Enabling High-Performance and Energy-Efficient Hybrid Transactional/Analytical Databases with Hardware/Software Cooperation
A growth in data volume, combined with increasing demand for real-time analysis (using the most recent data), has resulted in the emergence of database systems that concurrently support transactions and data analytics. These hybrid transactional and analytical processing (HTAP) database systems can support real-time data analysis without the high costs of synchronizing across separate single-purpose databases. Unfortunately, for many applications that perform a high rate of data updates, state-of-the-art HTAP systems incur significant losses in transactional (up to 74.6%) and/or analytical (up to 49.8%) throughput compared to performing only transactional or only analytical queries in isolation, due to (1) data movement between the CPU and memory, (2) data update propagation from transactional to analytical workloads, and (3) the cost to maintain a consistent view of data across the system. We propose Polynesia, a hardware-software co-designed system for in-memory HTAP databases that avoids the large throughput losses of traditional HTAP systems. Polynesia (1) divides the HTAP system into transactional and analytical processing islands, (2) implements new custom hardware that unlocks software optimizations to reduce the costs of update propagation and consistency, and (3) exploits processing-in-memory for the analytical islands to alleviate data movement overheads. Our evaluation shows that Polynesia outperforms three state-of-the-art HTAP systems, with average transactional/analytical throughput improvements of 1.7x/3.7x, and reduces energy consumption by 48% over the prior lowest-energy HTAP system.
💡 Research Summary
The paper addresses the fundamental performance and energy challenges of hybrid transactional/analytical processing (HTAP) databases, which must deliver fresh data for real‑time analytics while sustaining high transactional throughput. Existing HTAP designs—single‑instance systems that share a single data copy and multi‑instance systems that replicate data—suffer from severe throughput losses (up to 74.6 % for transactions and 49.8 % for analytics) due to costly data movement, update propagation, and consistency mechanisms. To overcome these limitations, the authors introduce Polynesia, a hardware‑software co‑designed architecture that partitions the HTAP workload into two isolated “islands”: a transactional island and an analytical island.

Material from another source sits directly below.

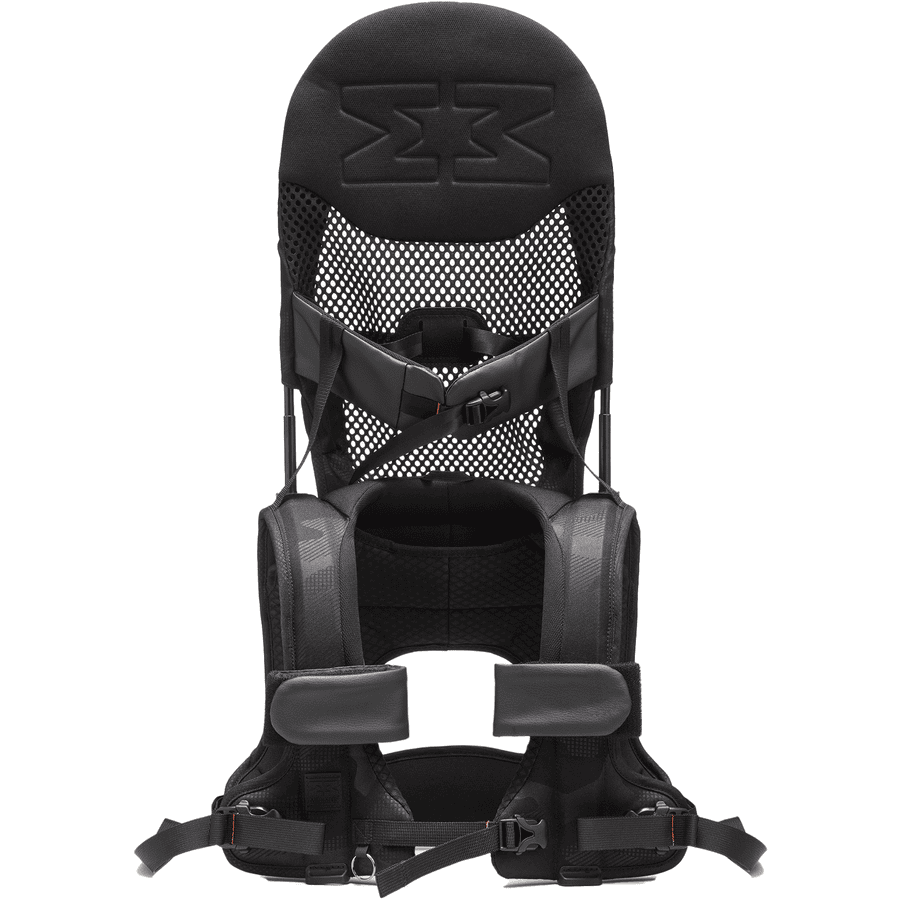 MINIMEIS Porte bébé sur épaules G5 Black Premium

The transactional island leverages conventional multicore CPUs with multi‑level caches and a row‑oriented (NSM) data layout, optimizing for cache‑friendly, low‑latency transaction processing. The analytical island, in contrast, employs processing‑in‑memory (PIM) cores embedded in the logic layer of 3D‑stacked DRAM, using a column‑oriented (DSM) layout to execute large‑scale analytical queries close to the data, thereby eliminating the dominant memory‑bandwidth bottleneck.
Polynesia further introduces custom hardware accelerators that streamline update propagation and consistency enforcement. Instead of costly snapshot copies or MVCC version‑chain traversals, the accelerators aggregate transaction logs, convert updates into the analytical island’s format, and stream them directly to PIM cores. This design guarantees data freshness for analytics while keeping the overhead of maintaining a consistent view low.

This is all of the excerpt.